SANTOS. Aníbal Maria Di Francia e Luís Orione
“Dom Orione foi sempre da Igreja e do Papa”
Sua fidelidade de criança ao sucessor de Pedro e sua grande caridade impressionaram os pontífices que o puderam conhecer. Alguns antes mesmo de ascender à cátedra de Pedro. O prefeito da Congregação para as Causas do Santos lembra a relação entre Dom Orione e os papas do século XX
do cardeal José Saraiva Martins
Dom Orione com os órfãos acolhidos no Pequeno Cotolengo de Claypole, em Buenos Aires, em 1935
De fato, com essa profunda devoção ao sucessor de Pedro, ele esteve “ao lado dos papas”, de cinco papas. E estes o interpelaram em diversas circunstâncias, confiando-lhe questões espinhosas e delicadas, para enfrentar as quais Dom Orione prestou, com inteligência, serviços até muito pessoais, difíceis e, às vezes, heróicos. Para tocar, portanto, o tema da proximidade filial de Dom Orione com os papas, mergulhamos no coração da espiritualidade e da história desse humilde, singular e santo sacerdote. Lendo suas biografias, não é difícil reunir alguns dados de sua ação ao lado dos papas que se sucederam no trono de Pedro durante o século XX.
Luís Orione, seminarista, em uma foto de 1892
Em 1892, clérigo havia vinte anos, preparou uma publicação, O mártir da Itália, com a qual pretendia mostrar o valor do Sumo Pontífice e desmascarar as muitas distorções ideológicas e políticas de sua pessoa e de sua ação. “Pio IX”, escrevia Dom Orione, “foi a maior figura de nosso século, o incansável debelador da revolução disfarçada de todas as formas, o amigo e benfeitor dos povos, o invencível atleta da verdade e da justiça: suas obras serão imortais, e seu longo pontificado, de 32 anos, constituirá uma das épocas mais luminosas da história da Igreja e da Pátria” (Mensagens de Dom Orione, nº 102, p. 31).
Em 1904, Dom Orione talvez tenha sido o primeiro a dirigir-se ao recém-eleito papa Pio X para encorajá-lo a abrir a causa de canonização de seu predecessor: “Meu Beatíssimo Padre, prostrado aos Vossos pés benditos humildemente Vos suplico que Vos digneis a dar início à Causa do Santo Padre Pio IX, e Vos conforto a querer glorificá-lo” (ibidem). A causa realmente foi aberta e, por algum tempo, Dom Orione foi seu vice-postulador.
Leão XIII foi o primeiro Papa que Dom Orione encontrou pessoalmente.

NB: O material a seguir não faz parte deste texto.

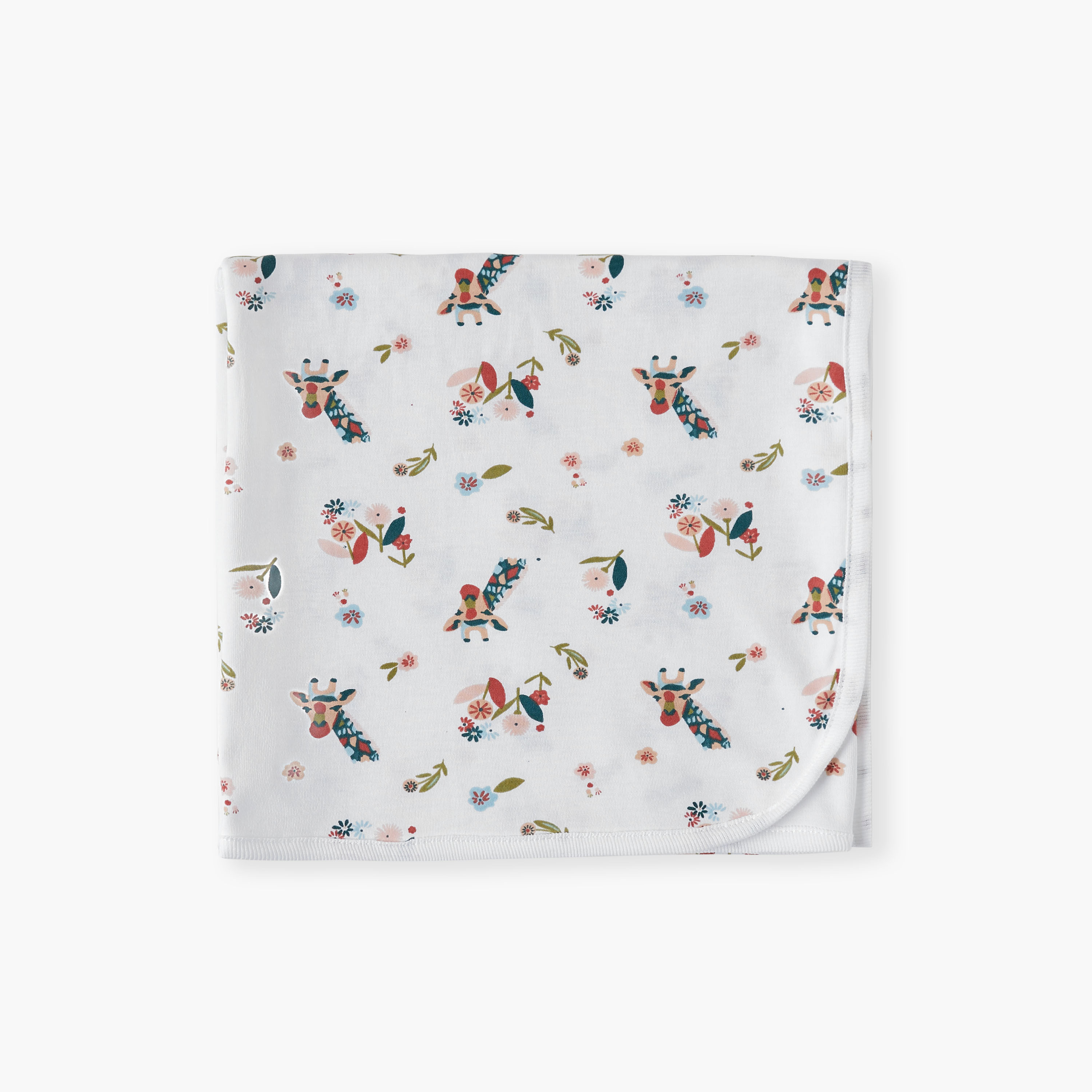 بطانية لحديثي الولادة بطبعات زرافة من جونيورز - 70x70 سم-baby-nursery-blanketsandswaddles-receivingblankets-image-3
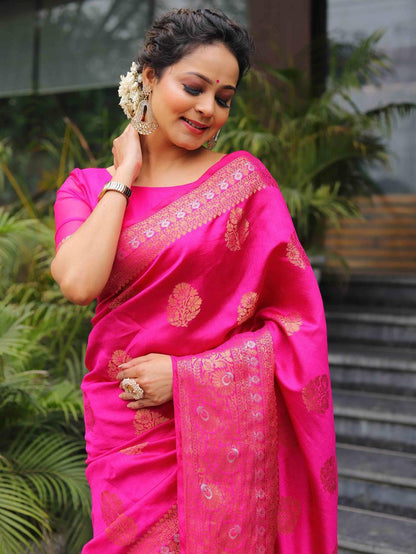Rani Pink Wedding Wear Lichi Silk Saree
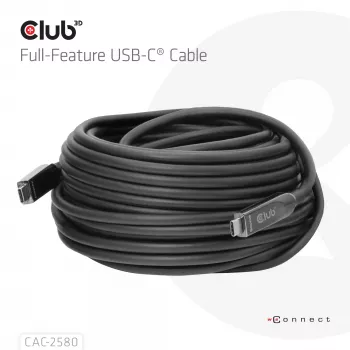 CLUB3D 15M Full-Feature USB-C® kaabel / 49,21 jalga 8K60Hz 10Gbps 60W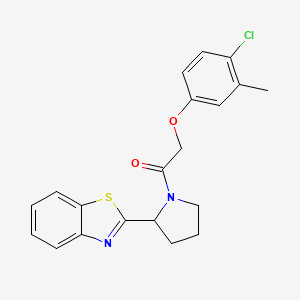 molecular formula C20H19ClN2O2S B7455493 1-[2-(1,3-Benzothiazol-2-yl)pyrrolidin-1-yl]-2-(4-chloro-3-methylphenoxy)ethanone 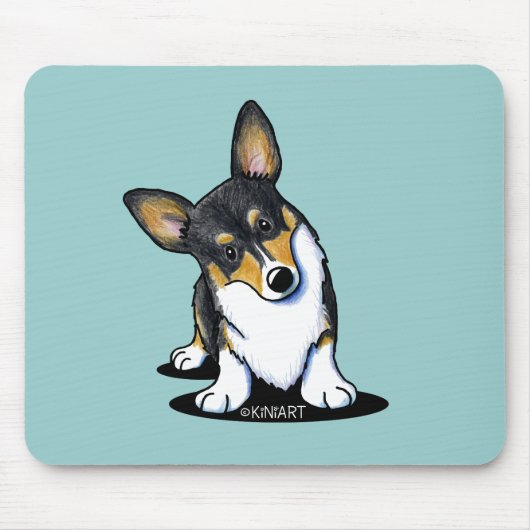 Tri Curious Corgi Mouse Pad Mousepad (Vorne)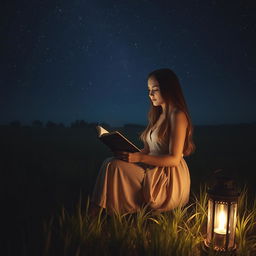 A tranquil and evocative scene depicting a woman in a dark, open field at night, surrounded by softly rustling grass and a vast expanse of stars above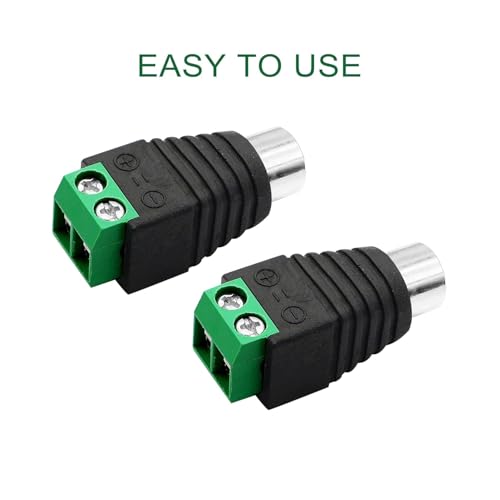 Image of MX RCA to Terminal Block Adapter, 20 Pack Female Audio Video Connector, Black and Green, Screw Terminal Block Connectors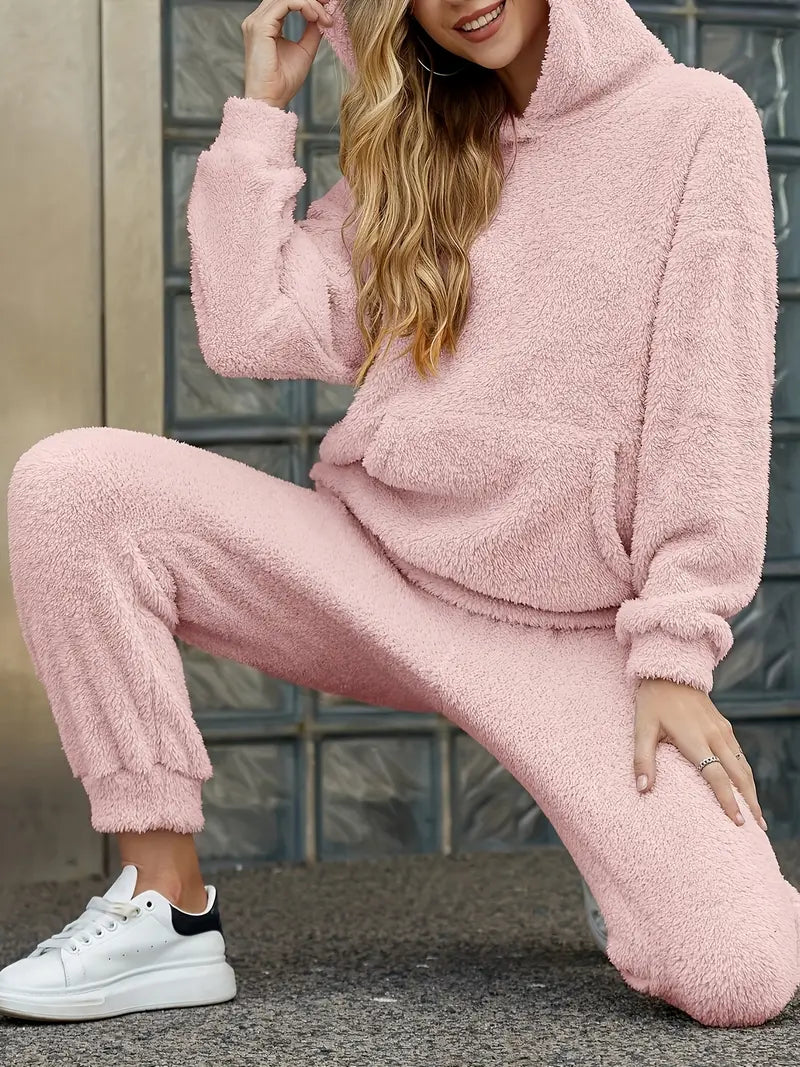 Drune | Damen Fleece Teddy Zweiteiliges Set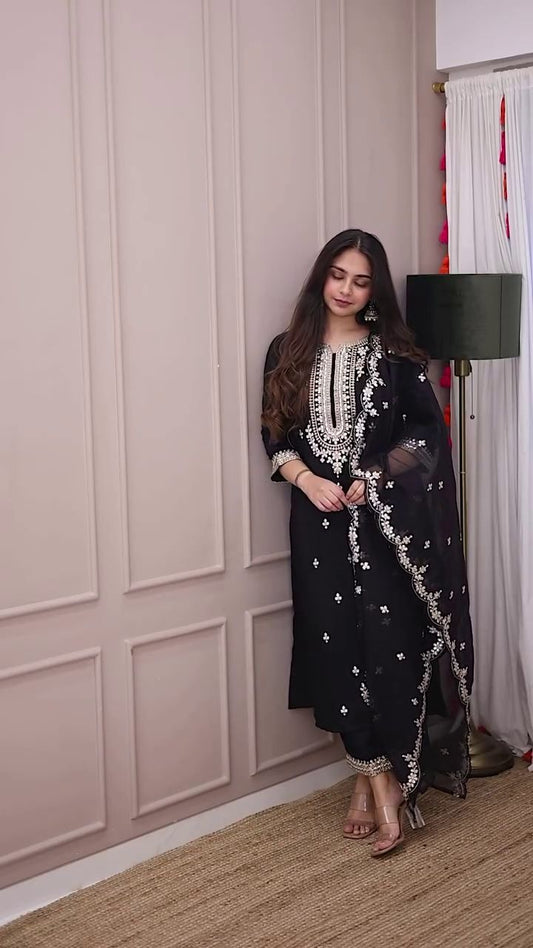 Flattering Embroidery Work Black Color Salwar Suit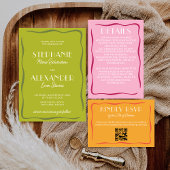 Modern Retro Vibrant Bold Citrus Green Wedding Kaart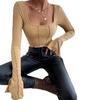 2024 Spring/Summer Women's Slim-Fit Long-Sleeve Square-Neck Pullover Knitted Top
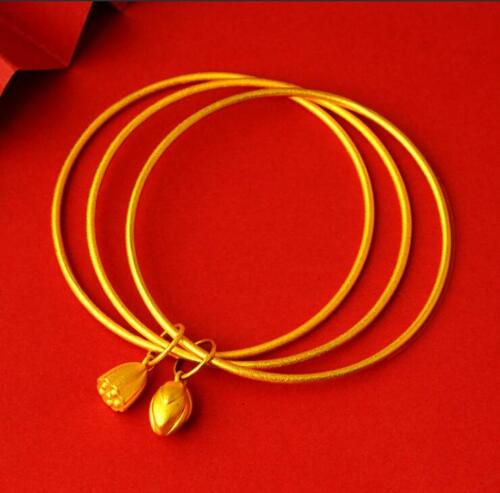 Girl's Lotus 22K 23K 24K Thai Gold Necklace Gold Plated Bracelet/19.2G - Picture 1 of 8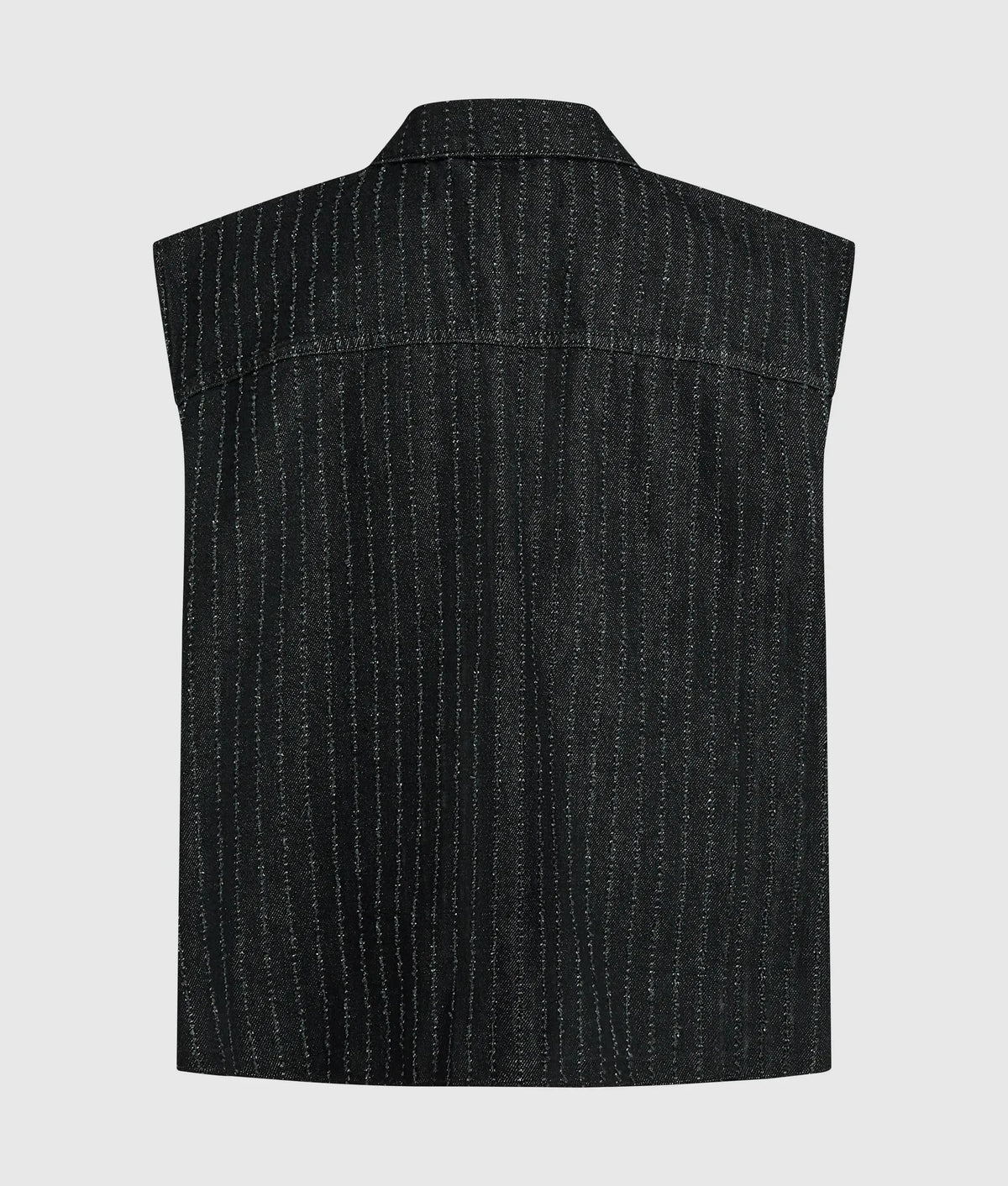 Pinstripe denim vest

O estímulo e a iluminação do papa Pecci a uma presença menos defensiva e mais empreendedora dos católicos na vida social encheram de altos ideais e de santos projetos o jovem Orione, durante seu tempo de formação no seminário e os primeiros passos de sua nova Congregação. Certamente o cunho imposto por Dom Orione em sua obra, de uma espiritualidade e de uma ação pastoral marcadamente encarnadas no social, provem do magistério e das diretrizes de Leão XIII, com as quais ele estava fortemente sintonizado. Disso restaram traços indeléveis nas primeiras constituições de sua Congregação, elaborada durante o pontificado de Leão XIII e a ele apresentadas numa memorável audiência pessoal, em 11 de janeiro de 1902. “Eu lhe apresentei a Regra”, disse Dom Orione a respeito dessa audiência; “ele a abençoou, tocou-a, pôs mais de uma vez as mãos sobre a minha cabeça, para me confortar; disse-me muitas coisas; entre outras, que eu pusesse nas Regras o dever de trabalhar pela união das Igrejas do Oriente: ‘Este’, disse-me o Papa, ‘é um altíssimo conselho meu’” (G. Papasogli, Vita di don Orione, p. 138).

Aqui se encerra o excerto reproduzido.